Vor 225 Jahren: Die Deklaration von Pillnitz – Korrektur eines Irrtums


In den Katalogen selbst renommiertester Auktionshäuser steht bei den Texten zu Medaillen auf die Deklaration von Pillnitz fast immer „auf die Zusammenkunft und den Frieden von Pillnitz“. Das ist purer Unsinn! Es gab keinen Friedensvertrag, Österreich und Preußen führten ja keinen Krieg gegeneinander. In einem Auktionskatalog wurde das im 18. Jahrhundert erbaute Lustschloß sogar als Burg bezeichnet.

Im August 1791 trafen sich in Pillnitz an der Elbe (seit 1950 Stadtteil von Dresden) Leopold II., Erzherzog von Österreich und Kaiser des Heiligen Römischen Reiches Deutscher Nation, und König Friedrich Wilhelm II. von Preußen. Gastgeber war der sächsische Kurfürst Friedrich August III., der aber an den Verhandlungen nicht beteiligt war. Mehrere Gespräche gab es auch mit Charles Philippe, Graf von Artois (später König Karl X. von Frankreich) und Bruder des französischen Königs Ludwig XVI., zu der Zeit einer der Führer der französischen Emigranten.

Das Pillnitzer Fürstentreffen 1791. Ölgemälde von J. H. Schmidt. Kaiser Leopold II., Kurfürst Friedrich August III. von Sachsen und König Friedrich Wilhelm II. von Preußen (von links).

Hauptgegenstände der Verhandlungen zwischen den beiden deutschen Großmächten waren die „polnische Frage“ und die Beendigung des Krieges Österreichs gegen das Osmanische Reich. Erst am Ende der Zusammenkunft wurde nach massiver Lobbyarbeit des französischen Grafen von Artois die Pillnitzer Erklärung abgegeben. Das darin formulierte Ziel war es, „… um den König von Frankreich in den Stand zu setzen, in vollkommenster Freyheit die Grundlagen einer monarchischen Regierung zu bevestigen, die den Rechten der Souverains eben so zuträglich sey, als dem Wohl der französischen Nation. Alsdann und in diesem Falle sind besagte Ihre Majestäten, der Kaiser und der König von Preußen entschlossen, in wechselseitiger Uebereinstimmung, mit der nöthigen Macht schnell zu agiren, um den vorgesetzten und gemeinschaftlichen Endzweck zu err

eichen.“, d. h. ihn wieder in seine alten Rechte als absoluter Monarch einzusetzen. Ein kriegerisches Vorgehen gegen die Revolution wurde aber von dem Zustandekommen einer einheitlichen Meinung unter den Großmächten abhängig gemacht. Davon war wegen der ablehnenden Haltung Großbritanniens nicht auszugehen.

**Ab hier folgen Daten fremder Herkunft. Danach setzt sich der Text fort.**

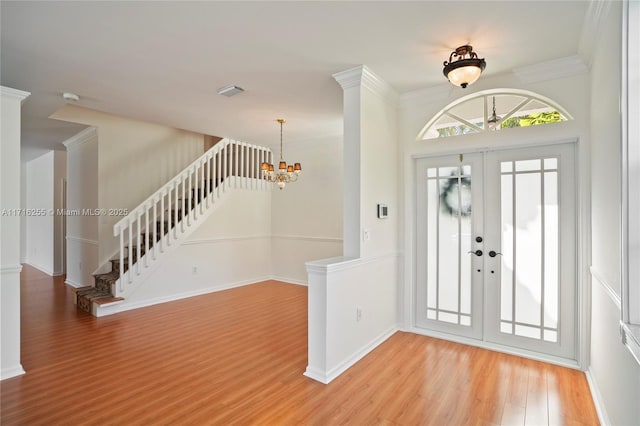 foyer entrance with an inviting chandelier, ornamental molding, french doors, and hardwood / wood-style flooring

Schloß Pillnitz. Mittelpavillon des Wasserpalais mit Pöppelmann Treppe (1724) zur Anlegestelle der aus Dresden eintreffenden Gondeln [Wikipedia]

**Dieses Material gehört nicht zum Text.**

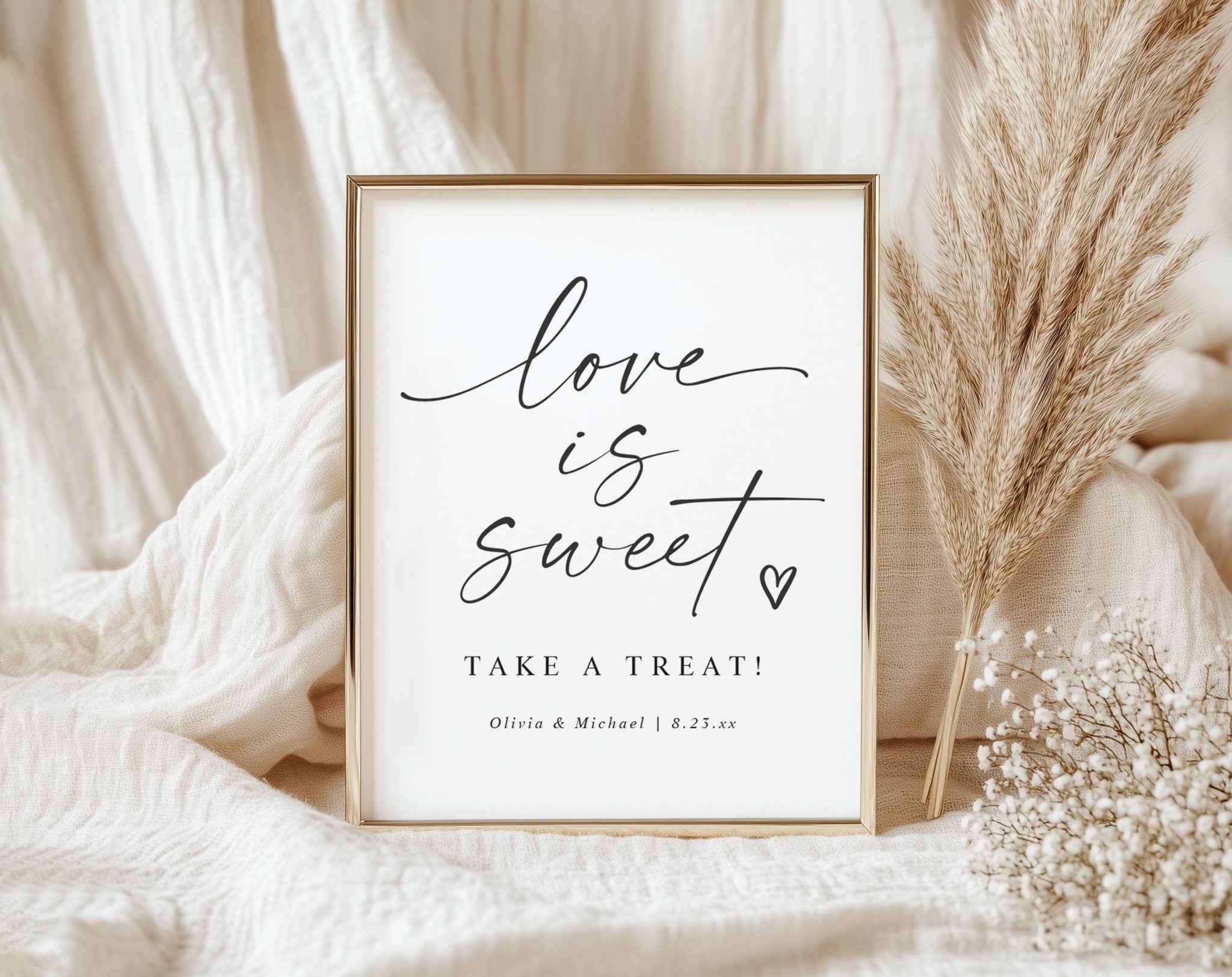 Framed print with 'Love is sweet, take a treat!' text on a soft fabric background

Diese Erklärung („Punktation“) wurde dennoch in Frankreich als konkrete Kriegsdrohung aufgefaßt, da sie auch den Einsatz militärischer Mittel vorsah. Sie war ein willkommenes Argument für die Propaganda derjenigen Kräfte, die mit Hilfe eines Krieges die Französische Revolution radikalisieren wollten. Sie wurde als Beweis der Absicht Österreichs und Preußens aufgefaßt, die Revolution zu stoppen und das Ancien Regime wiederzuerrichten. Insbesondere Jacques-Pierre Brissot de Warville (Führer der Girondisten im Konvent) war davon überzeugt, Krieg sei zur „Festigung der Freiheit unumgänglich" und so erwirkte er am 20. April 1792 bei der Nationalversammlung die Kriegserklärung gegen Österreich. Seine Berichte im „comité diplomatique“ führten dann auch zu Kriegserklärungen an Großbritannien und die Niederlande am 1. Februar 1793. Am 30. Oktober 1793 wurde er als Landesverräter vom Revolutionstribunal zum Tode verurteilt und am Folgetag – leider zu spät – mit der Guilotine hingerichtet.

Die Pillnitzer Erklärung sollte die Franzosen einschüchtern und zu einem gemäßigten Verhalten bewegen. Das Gegenteil war der Fall. Auch weil der Wortführer der Emigranten, der Graf von Artois, die Erklärung als Ultimatum interpretierte, verstärkte sich die französische Konfliktbereitschaft. Zu Beginn des Jahres 1792 stellte Frankreich die ultimative Forderung, daß die Nachbarstaaten bis zum 1. März die Emigrantentruppen vertreiben sollten.

Wegen des Todes von Leopold II. wurde das Ultimatum bis April verlängert. Sein Nachfolger, Franz Joseph Karl von Habsburg-Lothringen, der spätere Kaiser Franz II., schloß daraufhin mit Preußen am 18. März 1792 ein Defensivbündnis. Dabei garantierten sich die beiden beteiligten Seiten ihren jeweiligen Besitzstand. Am 18. März kam es zu einem neuen französischen Ultimatum, in dem das Ende des Bündnisses mit Preußen gefordert wurden. Der Kaiser lehnte dies ab. Der Erste Koalitionskrieg nahm seinen Lauf.